A panel that included James Shelton III, Assistant Deputy Secretary for the Office of Innovation and Improvement for the U.S. Department of Education, Rhena Jasey, an English teacher at the charter school The Equity Project and Jalak Jobanputra, a venture capitalist with RTP Ventures, touched on many of the points that are often brought up at ed tech events: that individualized instruction and data analytics are of the utmost importance today, that we need to teach kids how to collaborate and make sense of the overwhelming amount of information they have access to and that technology is only a tool and not a savior on its own.

Shelton manages a portfolio that includes most of the USDOE’s learning technology, school choice and competitive teacher quality programs. He said that the large federal investments in education through Race to the Top have helped get systems of measurement in place, but that we haven’t seen yet what can be done with the data. Not surprisingly, Shelton supports the growth of new companies that can help creatively solve problems faced in education.

“I would love for people to get rich because they taught a lot of kids to read, not because they taught a lot of kids to shoot things,” he said.

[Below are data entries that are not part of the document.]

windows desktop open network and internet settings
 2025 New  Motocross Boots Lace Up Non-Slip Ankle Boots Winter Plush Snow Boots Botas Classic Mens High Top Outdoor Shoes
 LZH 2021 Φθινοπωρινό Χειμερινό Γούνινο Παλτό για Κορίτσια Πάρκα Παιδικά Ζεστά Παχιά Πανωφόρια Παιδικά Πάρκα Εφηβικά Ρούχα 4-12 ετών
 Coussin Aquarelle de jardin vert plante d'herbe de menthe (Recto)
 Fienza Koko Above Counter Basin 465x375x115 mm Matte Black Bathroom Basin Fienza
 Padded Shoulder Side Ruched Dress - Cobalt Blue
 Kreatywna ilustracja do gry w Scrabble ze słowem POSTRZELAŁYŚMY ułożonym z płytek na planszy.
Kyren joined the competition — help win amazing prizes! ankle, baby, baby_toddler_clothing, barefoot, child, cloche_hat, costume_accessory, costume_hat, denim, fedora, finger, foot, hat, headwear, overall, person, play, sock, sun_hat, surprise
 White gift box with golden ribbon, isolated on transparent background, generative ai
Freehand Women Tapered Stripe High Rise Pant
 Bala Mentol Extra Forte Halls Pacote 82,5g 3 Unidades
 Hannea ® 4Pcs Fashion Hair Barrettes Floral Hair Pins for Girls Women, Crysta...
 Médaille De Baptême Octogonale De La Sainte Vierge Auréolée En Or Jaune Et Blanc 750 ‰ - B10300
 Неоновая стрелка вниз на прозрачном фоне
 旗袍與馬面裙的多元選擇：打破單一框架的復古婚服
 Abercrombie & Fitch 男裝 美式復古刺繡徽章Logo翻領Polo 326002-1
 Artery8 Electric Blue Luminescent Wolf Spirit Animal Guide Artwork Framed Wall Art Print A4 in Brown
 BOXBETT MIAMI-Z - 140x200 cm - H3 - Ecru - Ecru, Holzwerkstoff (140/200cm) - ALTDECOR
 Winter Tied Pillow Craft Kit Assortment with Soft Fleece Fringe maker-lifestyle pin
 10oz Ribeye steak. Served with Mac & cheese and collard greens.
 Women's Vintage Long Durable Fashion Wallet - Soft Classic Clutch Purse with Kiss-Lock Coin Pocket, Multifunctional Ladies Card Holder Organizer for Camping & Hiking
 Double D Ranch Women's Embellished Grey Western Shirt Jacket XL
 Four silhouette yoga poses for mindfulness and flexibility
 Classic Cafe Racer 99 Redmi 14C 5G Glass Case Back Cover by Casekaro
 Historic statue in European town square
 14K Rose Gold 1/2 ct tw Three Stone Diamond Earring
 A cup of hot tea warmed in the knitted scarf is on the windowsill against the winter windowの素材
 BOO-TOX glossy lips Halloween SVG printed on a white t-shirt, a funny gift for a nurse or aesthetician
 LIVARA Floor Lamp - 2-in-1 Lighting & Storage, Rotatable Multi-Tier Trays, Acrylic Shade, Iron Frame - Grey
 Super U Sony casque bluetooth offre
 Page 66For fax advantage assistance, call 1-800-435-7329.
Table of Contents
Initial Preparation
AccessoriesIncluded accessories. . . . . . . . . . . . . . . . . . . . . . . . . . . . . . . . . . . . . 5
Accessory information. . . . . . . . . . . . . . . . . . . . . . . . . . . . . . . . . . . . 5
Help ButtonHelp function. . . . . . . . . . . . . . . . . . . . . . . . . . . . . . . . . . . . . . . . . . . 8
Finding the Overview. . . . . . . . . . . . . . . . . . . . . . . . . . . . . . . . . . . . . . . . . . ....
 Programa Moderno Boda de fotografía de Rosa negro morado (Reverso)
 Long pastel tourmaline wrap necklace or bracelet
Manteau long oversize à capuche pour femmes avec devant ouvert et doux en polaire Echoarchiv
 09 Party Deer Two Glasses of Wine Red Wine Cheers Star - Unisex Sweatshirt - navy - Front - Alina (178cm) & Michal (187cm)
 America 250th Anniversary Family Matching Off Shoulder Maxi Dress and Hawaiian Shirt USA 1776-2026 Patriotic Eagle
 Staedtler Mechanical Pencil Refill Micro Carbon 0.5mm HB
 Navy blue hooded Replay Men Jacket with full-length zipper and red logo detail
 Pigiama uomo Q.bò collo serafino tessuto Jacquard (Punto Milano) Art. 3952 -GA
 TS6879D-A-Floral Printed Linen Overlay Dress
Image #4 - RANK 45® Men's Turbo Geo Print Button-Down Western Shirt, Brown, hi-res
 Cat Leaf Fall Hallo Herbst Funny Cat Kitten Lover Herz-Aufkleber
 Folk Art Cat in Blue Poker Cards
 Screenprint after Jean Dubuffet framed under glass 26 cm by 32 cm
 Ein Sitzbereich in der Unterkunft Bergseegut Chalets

After the panel, the tone changed and four entrepreneurs took the stage. Each had seven minutes to pitch their business, which was critiqued by a different panel of judges and the audience. The ideas ranged from a social networking site called Biblionasium where students could post and share books and teachers could track their students’ reading progress to a company called Peer 2 Peer Tutors that finds and pays qualified high school students to tutor younger kids in a variety of subjects. Another called Instreamia was a web-based language-learning program that uses online media like YouTube videos and adds algorithms that learn the needs of each person logged in.

Warren Black, founder of VR Quest, a virtual reality program that allows kids to create their own educational video games, had an audience member come up and play a demo he created. The man put on the virtual reality goggles and Black guided him through an ancient Egyptian pyramid in search of cats.

“I feel like I’m completely wasted,” the man said as he navigated the warren of halls in the pyramid.

The crowd erupted in laughter.

“It was meant for kids,” Black responded, to more laughter.